During the time men live without a common power to keep them all in awe, they are in that condition called war; and such a war, as if of every man, against every man. (Thomas Hobbes)
What are rights, considered not as a moral or legal category but as a description of how people act?
How is it possible for civil order to exist — why are not all people, all of the time, in the Hobbesian state of nature, the war of each against all?
What is government — what distinguishes it from other human institutions?
And, as a free bonus,
Why did the U.K. send a fleet most of the way to Antarctica and risk its only aircraft carrier in order to defend a cluster of barren islands with a few hundred people on them?1
The Puzzle
Thomas Hobbes described the state of nature as a war of each against all in which the life of man would be “solitary, poor, nasty, brutish, and short.” That does not sound like the world we live in. His solution was to establish an all powerful ruler. That comes a little closer to the real world but not all that close. And it is not clear how, starting with the world Hobbes describes, it could be done or why it would work.

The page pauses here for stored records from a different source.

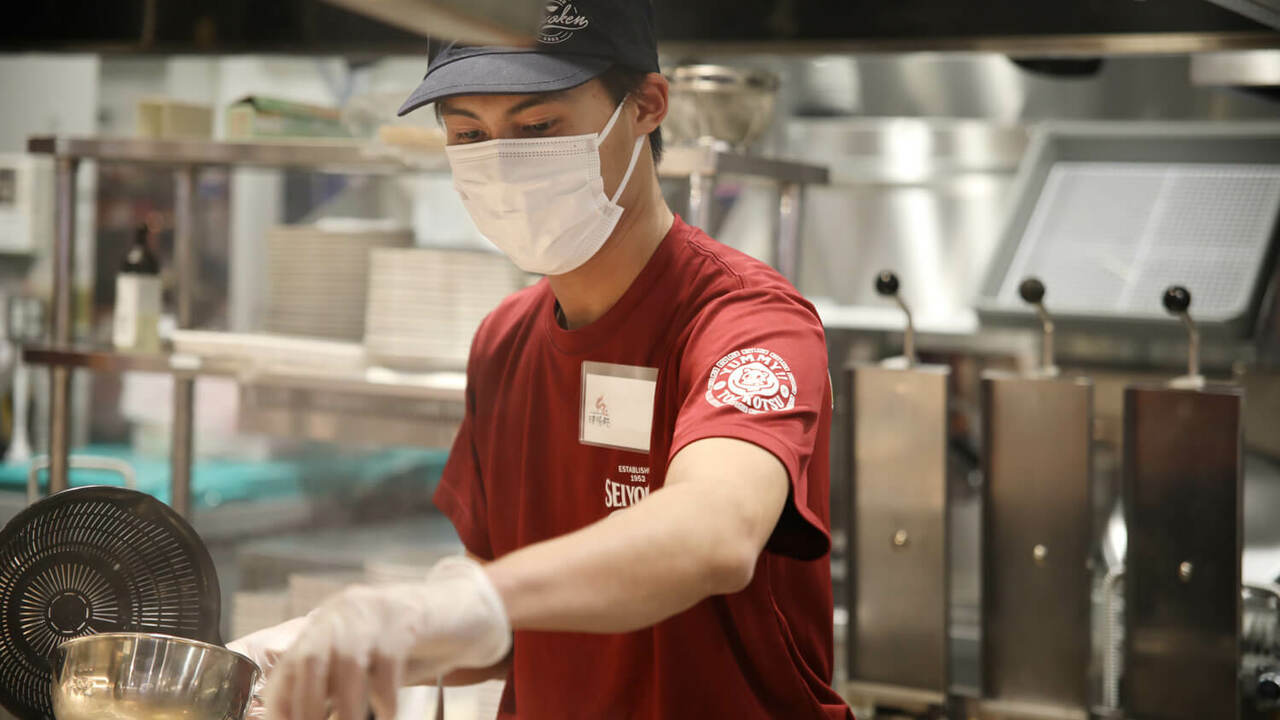 久留米ラーメン 清陽軒|レストランサービス・ホールスタッフの求人画像2枚目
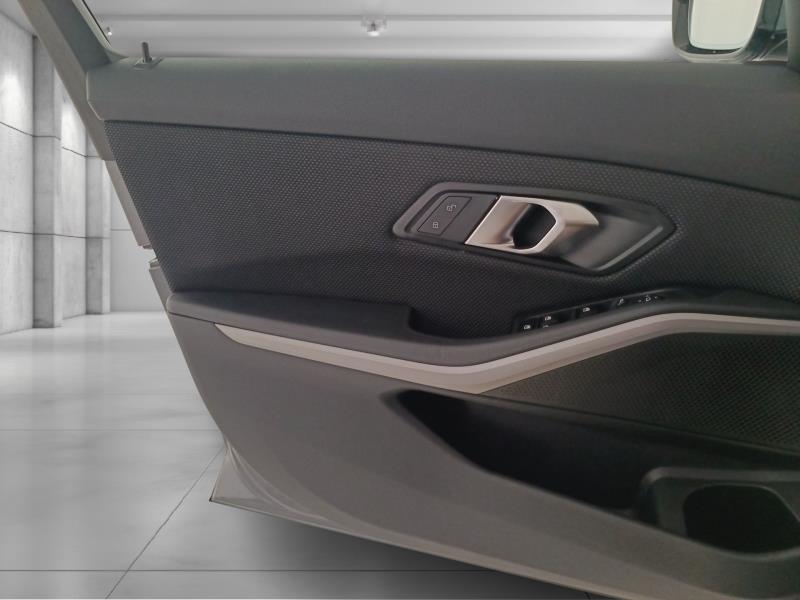 BMW Serie 3 318d Touring mhev 48V Business Advantage auto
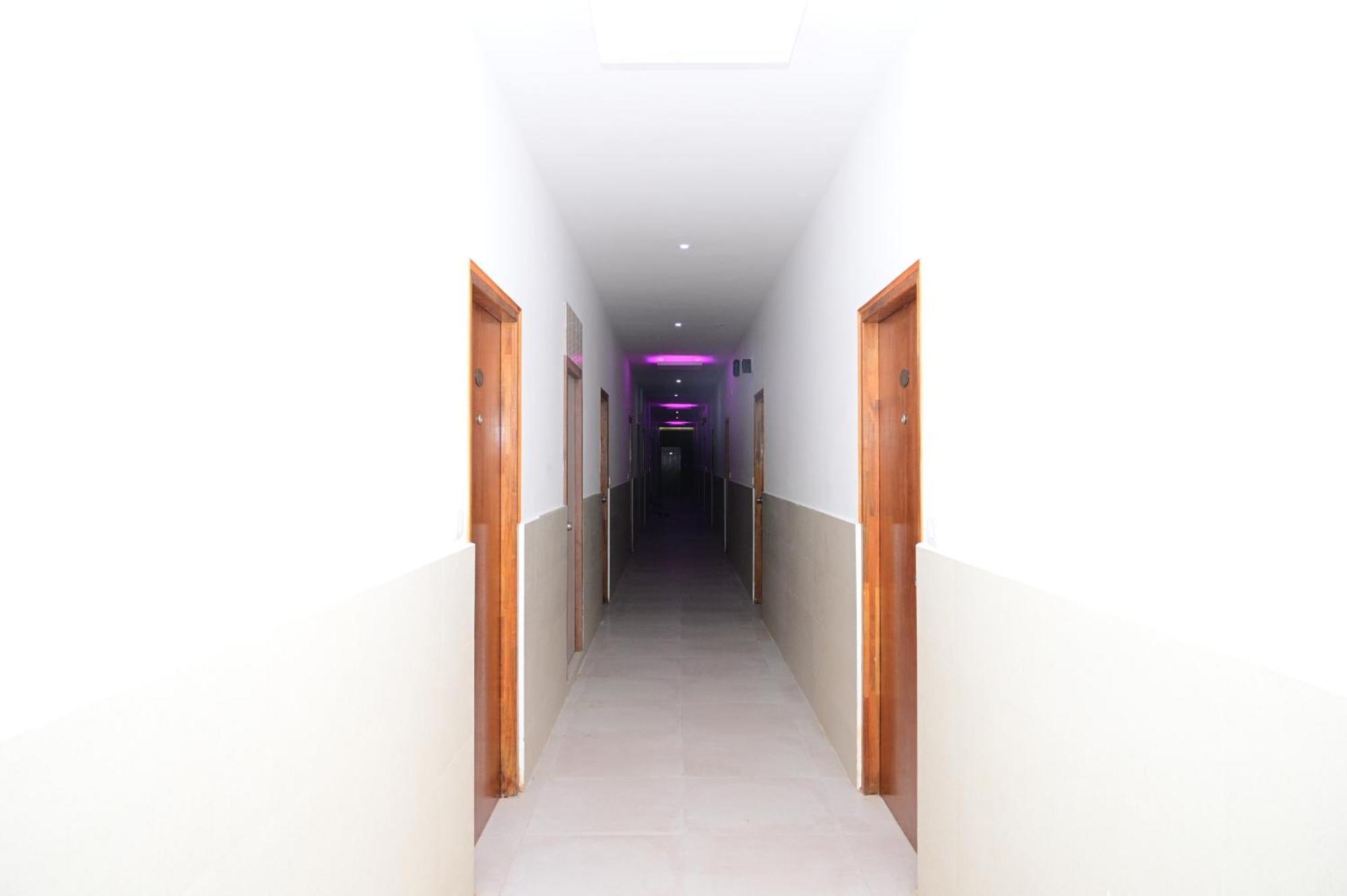 B Six Hotel Bangalore Eksteriør bilde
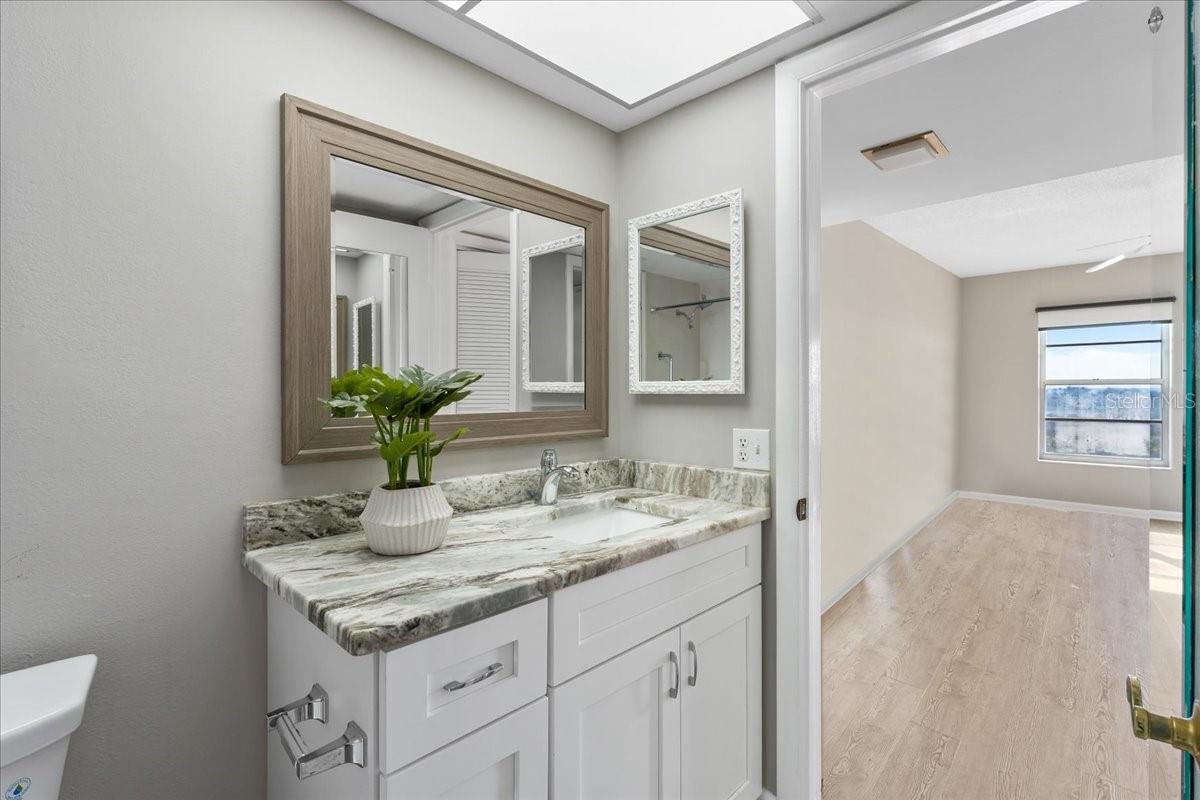 Listing photo id 12 for 4900 Brittany Drive S 610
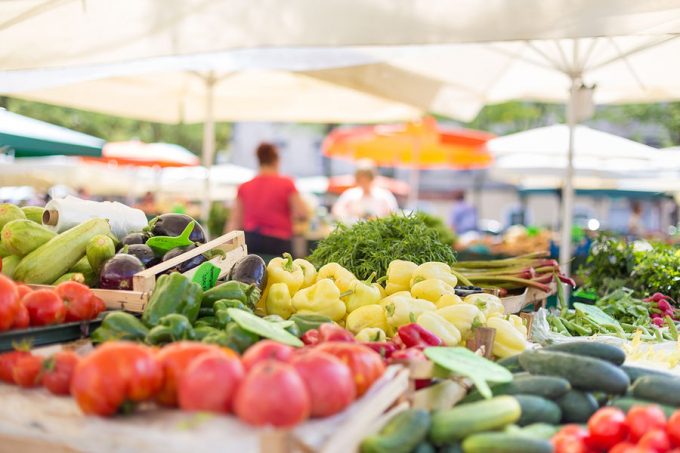 Marché Alimentaire et Produits Manufacturés d&rsquo;Oullins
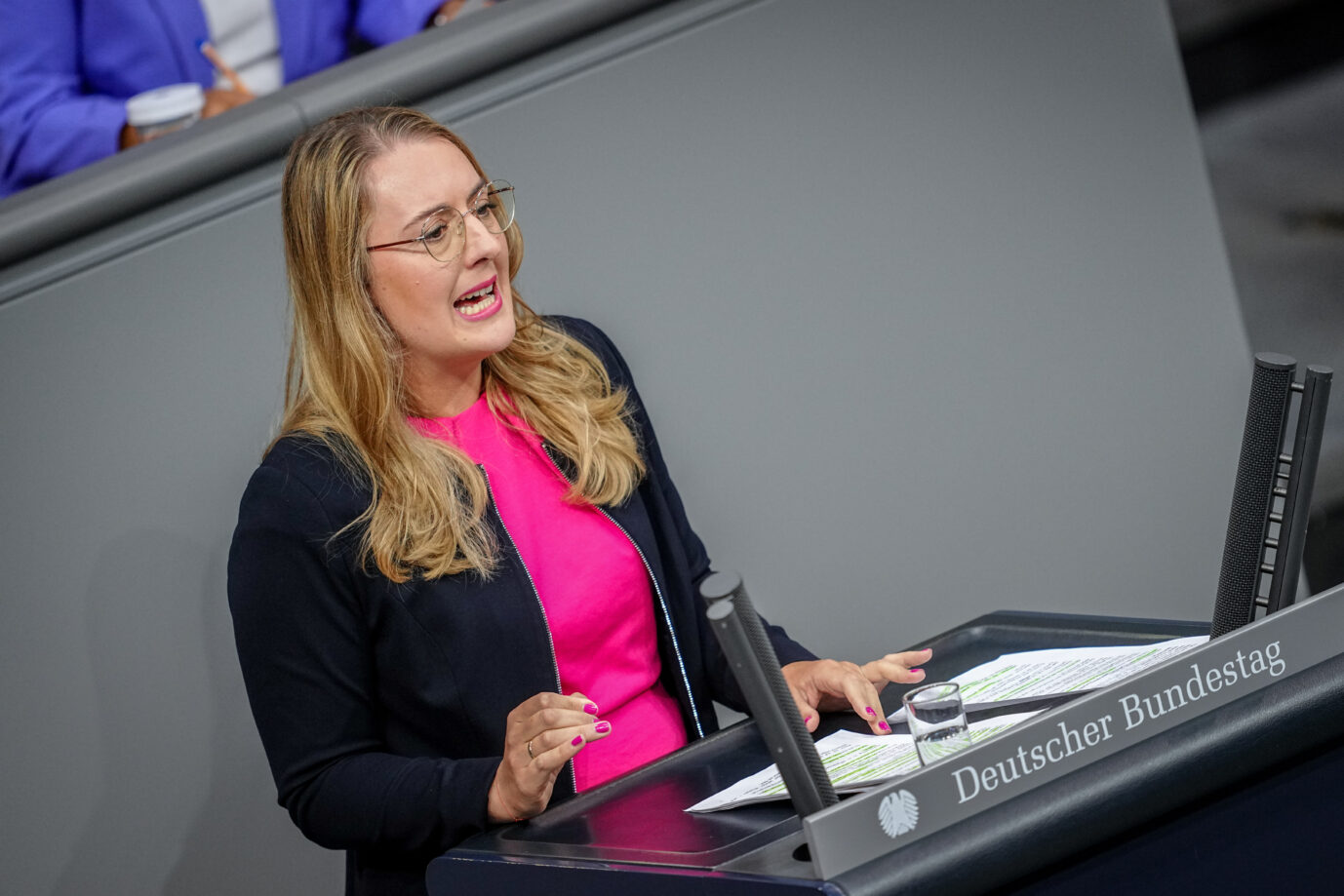 Katharina Dröge, Fraktionsvorsitzende von Bündnis 90/Die Grünen, spricht in der Generaldebatte um den Haushalt 2025 im Bundestag. Die Fraktionsvorsitzende der Grünen, Katharina Dröge, spricht im Bundestag zur Asylpolitik Foto: picture alliance/dpa | Kay Nietfeld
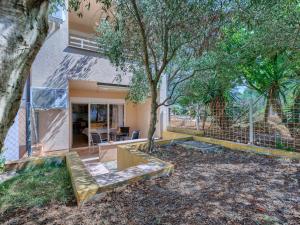 Vonkajšia záhrada v ubytovaní Apartment Vivoda by Interhome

In the Hobbesian state of nature, each individual acts in his own interest. That sounds like a reasonably accurate description of our world. How is his improved version, the world with a ruler, different? The ruler is not Superman; he too must sleep and can be killed while doing so. He may have a police force and an army, but police forces and armies are made up of men; what causes those men to act differently than they did in the state of nature? Where does the structure of an orderly, peaceful society come from? What is the magic ingredient that distinguishes civil order from the state of nature? It cannot simply be laws; words on paper only take effect to the extent that individuals act on them. Why should individuals act differently after laws are passed than before? It cannot be police in uniforms and judges in robes. Uniforms and robes do not confer magic power on their wearers or compel them to act differently than they would without them.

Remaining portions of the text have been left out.